Other locations raided were: 13149B Sherman Way, North Hollywood; 8607 Canoga Ave., Canoga Park; 6447 Ellen View Ave., Woodland Hills; 14621 Titus St., Van Nuys; 5312L Derry St., Agoura Hills, and 10572 Acacia St., Rancho Cucamonga.
But police said the Sunland warehouse, an unobtrusive structure in a busy industrial area, was the primary location for a sophisticated, nationwide cable fraud ring.
Throughout the day, police investigators and cable television officials, working as their consultants, tallied up the seized decoding boxes and carted them off to a police warehouse in moving company trucks. Also seized were workbenches used to install unscrambling devices in the cable boxes, according to Corella.
By day’s end, however, they had made little progress in clearing out the supplies from the warehouse and adjacent laboratory.
William Prevost, 25, also spent the day wandering the massive structure, grumbling about the seizure of the equipment.
As head of the Gage Systems company, which leases the warehouse, Prevost said he was only making and selling the same kind of cable television boxes that can be legally bought at stores throughout the country. He said there is no law against changing the boxes so they can unscramble cable television signals, as long as the customer pays for those signals, and he said he only sells the equipment to retailers and has no control over who eventually uses them.
Police would not comment on whether they thought Prevost played any role in suspected illegal activities.
Investigators at the site also conceded that cable piracy laws are confusing and complex at best. But they said there were clear signs of illegal activity at the warehouse, including evidence of tampering with legal equipment to reprogram it.
In this case, unidentified suspects would buy legal cable boxes, change the electronics so the boxes can unscramble the scrambled signals sent out by cable firms, and then sell them on the retail market, said Corella.
Police said it is hard to prosecute cable fraud cases because many cable customers buy the decoder boxes from ads in magazines and don’t even know they’re breaking the law by decoding pay-per-view cable signals and not paying for them. In addition, Corella said, authorities are hesitant to arrest employees, such as those found working at the Sunland location, unless they can prove the employees knew they were engaged in illegal activities.

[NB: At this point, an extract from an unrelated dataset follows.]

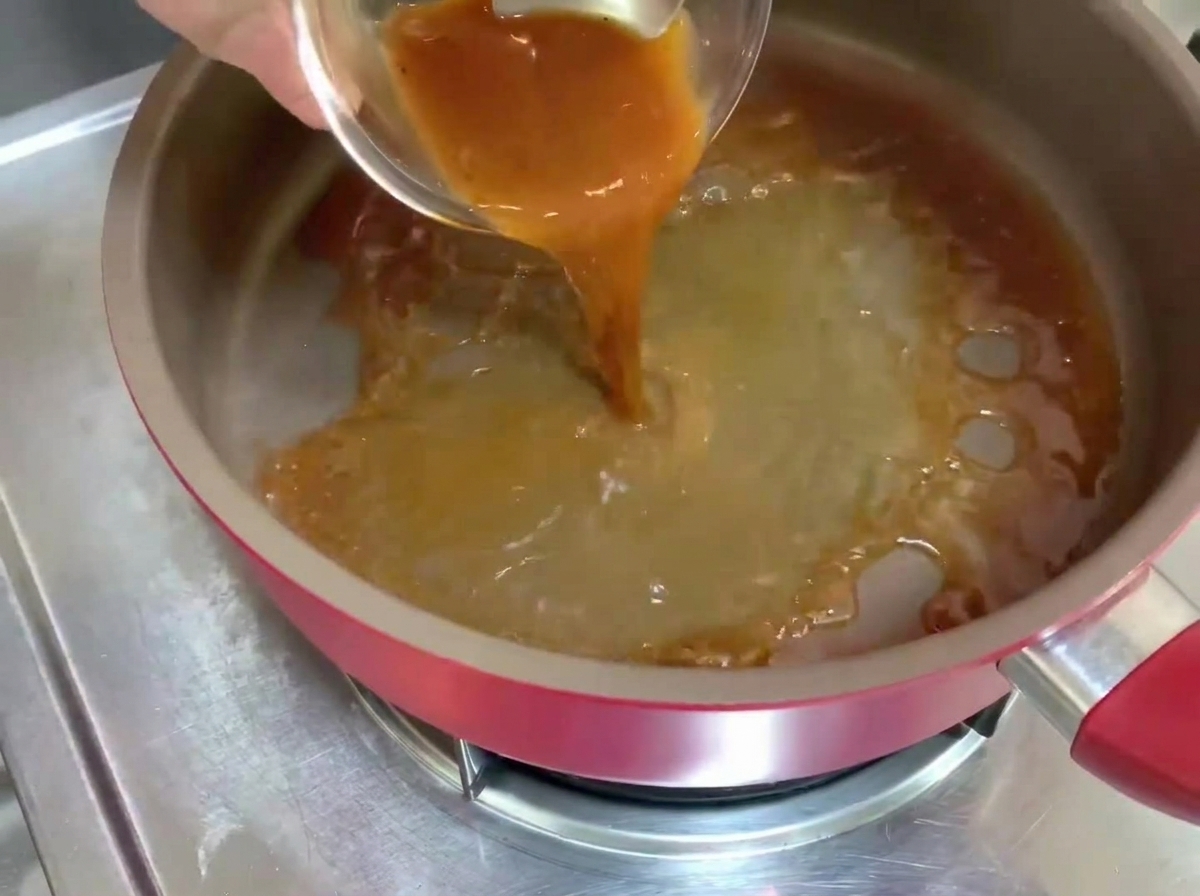 Schwarze Pfeffersoße wird in eine heiße Pfanne gegossen und bildet blubbernde Flüssigkeit.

Police will now comb the financial records seized Monday to determine who, if anyone, will be arrested, he said.
In addition to lost revenue for cable companies, cable theft results in potential multimillion-dollar losses to cities such as Los Angeles, because cable operators pay the city a fee of 5% of gross receipts.
“If we don’t realize the revenues, we don’t pay the city for those revenues,” said Ron Cooper, of Continental Cablevision.